» **Task description**
Some lines in the listing below may include the string "Florida". How many are there? Give only the number.

» **Input data**
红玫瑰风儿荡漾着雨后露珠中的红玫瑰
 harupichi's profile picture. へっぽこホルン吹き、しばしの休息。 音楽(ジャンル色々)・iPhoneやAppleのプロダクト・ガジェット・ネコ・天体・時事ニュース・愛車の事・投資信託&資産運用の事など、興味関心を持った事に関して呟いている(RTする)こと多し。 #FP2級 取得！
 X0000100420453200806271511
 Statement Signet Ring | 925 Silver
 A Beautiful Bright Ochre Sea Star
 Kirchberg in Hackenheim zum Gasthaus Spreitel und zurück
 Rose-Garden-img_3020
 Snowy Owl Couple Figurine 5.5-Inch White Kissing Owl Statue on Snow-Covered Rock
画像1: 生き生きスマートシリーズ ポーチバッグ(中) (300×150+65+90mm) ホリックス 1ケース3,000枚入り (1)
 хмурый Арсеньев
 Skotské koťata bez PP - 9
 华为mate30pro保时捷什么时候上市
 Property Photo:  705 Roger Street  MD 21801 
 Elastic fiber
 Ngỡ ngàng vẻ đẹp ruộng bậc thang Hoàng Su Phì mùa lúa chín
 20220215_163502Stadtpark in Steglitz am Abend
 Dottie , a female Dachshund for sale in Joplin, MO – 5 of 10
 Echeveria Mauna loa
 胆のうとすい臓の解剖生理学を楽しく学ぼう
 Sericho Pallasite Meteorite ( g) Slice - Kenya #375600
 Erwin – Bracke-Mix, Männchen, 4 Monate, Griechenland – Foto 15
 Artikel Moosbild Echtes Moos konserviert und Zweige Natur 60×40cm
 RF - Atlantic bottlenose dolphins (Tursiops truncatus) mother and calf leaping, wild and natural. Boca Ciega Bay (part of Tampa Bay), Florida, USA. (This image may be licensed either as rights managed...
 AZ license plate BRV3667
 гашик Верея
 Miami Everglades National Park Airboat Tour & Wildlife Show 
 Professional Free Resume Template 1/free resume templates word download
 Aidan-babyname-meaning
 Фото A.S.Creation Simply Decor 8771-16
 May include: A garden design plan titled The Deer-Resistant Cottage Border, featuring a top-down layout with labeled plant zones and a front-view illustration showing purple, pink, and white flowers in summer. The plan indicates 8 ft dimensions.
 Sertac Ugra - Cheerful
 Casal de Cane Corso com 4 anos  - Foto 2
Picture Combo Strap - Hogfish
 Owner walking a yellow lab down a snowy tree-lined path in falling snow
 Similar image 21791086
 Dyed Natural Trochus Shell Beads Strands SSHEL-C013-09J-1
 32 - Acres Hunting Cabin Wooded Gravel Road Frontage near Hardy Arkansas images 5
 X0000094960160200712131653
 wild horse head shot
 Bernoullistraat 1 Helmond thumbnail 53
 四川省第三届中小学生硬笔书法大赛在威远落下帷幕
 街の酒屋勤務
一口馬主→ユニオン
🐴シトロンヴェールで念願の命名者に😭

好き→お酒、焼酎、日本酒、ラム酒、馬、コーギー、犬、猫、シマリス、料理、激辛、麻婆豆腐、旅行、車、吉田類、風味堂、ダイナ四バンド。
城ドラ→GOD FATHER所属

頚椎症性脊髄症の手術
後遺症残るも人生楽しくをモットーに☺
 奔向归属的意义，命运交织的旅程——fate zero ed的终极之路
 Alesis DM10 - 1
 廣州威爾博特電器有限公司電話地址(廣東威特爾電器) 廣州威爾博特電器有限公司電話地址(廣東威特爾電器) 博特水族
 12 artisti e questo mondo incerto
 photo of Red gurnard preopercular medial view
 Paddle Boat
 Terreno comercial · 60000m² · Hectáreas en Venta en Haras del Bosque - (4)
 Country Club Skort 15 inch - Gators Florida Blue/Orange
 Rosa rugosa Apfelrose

» **Written solution**
2